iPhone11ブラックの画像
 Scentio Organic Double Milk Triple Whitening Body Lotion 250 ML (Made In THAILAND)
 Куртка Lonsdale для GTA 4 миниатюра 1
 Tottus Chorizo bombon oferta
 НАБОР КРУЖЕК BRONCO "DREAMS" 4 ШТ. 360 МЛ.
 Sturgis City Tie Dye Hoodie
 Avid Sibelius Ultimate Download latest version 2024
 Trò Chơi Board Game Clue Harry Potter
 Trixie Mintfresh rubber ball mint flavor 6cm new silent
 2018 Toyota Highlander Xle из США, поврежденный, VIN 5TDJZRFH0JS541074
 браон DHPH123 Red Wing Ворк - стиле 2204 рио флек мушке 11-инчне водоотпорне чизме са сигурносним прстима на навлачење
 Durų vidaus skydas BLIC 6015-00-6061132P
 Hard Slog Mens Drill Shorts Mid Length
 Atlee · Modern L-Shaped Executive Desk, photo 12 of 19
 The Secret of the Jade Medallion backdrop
○ ○ ○ ○
__PROBLEM DETAILS__. Would you transcribe every entry exactly?

__PROBLEM SOLUTION__.
iPhone11ブラックの画像
 Scentio Organic Double Milk Triple Whitening Body Lotion 250 ML (Made In THAILAND)
 Куртка Lonsdale для GTA 4 миниатюра 1
 Tottus Chorizo bombon oferta
 НАБОР КРУЖЕК BRONCO "DREAMS" 4 ШТ. 360 МЛ.
 Sturgis City Tie Dye Hoodie
 Avid Sibelius Ultimate Download latest version 2024
 Trò Chơi Board Game Clue Harry Potter
 Trixie Mintfresh rubber ball mint flavor 6cm new silent
 2018 Toyota Highlander Xle из США, поврежденный, VIN 5TDJZRFH0JS541074
 браон DHPH123 Red Wing Ворк - стиле 2204 рио флек мушке 11-инчне водоотпорне чизме са сигурносним прстима на навлачење
 Durų vidaus skydas BLIC 6015-00-6061132P
 Hard Slog Mens Drill Shorts Mid Length
 Atlee · Modern L-Shaped Executive Desk, photo 12 of 19
 The Secret of the Jade Medallion backdrop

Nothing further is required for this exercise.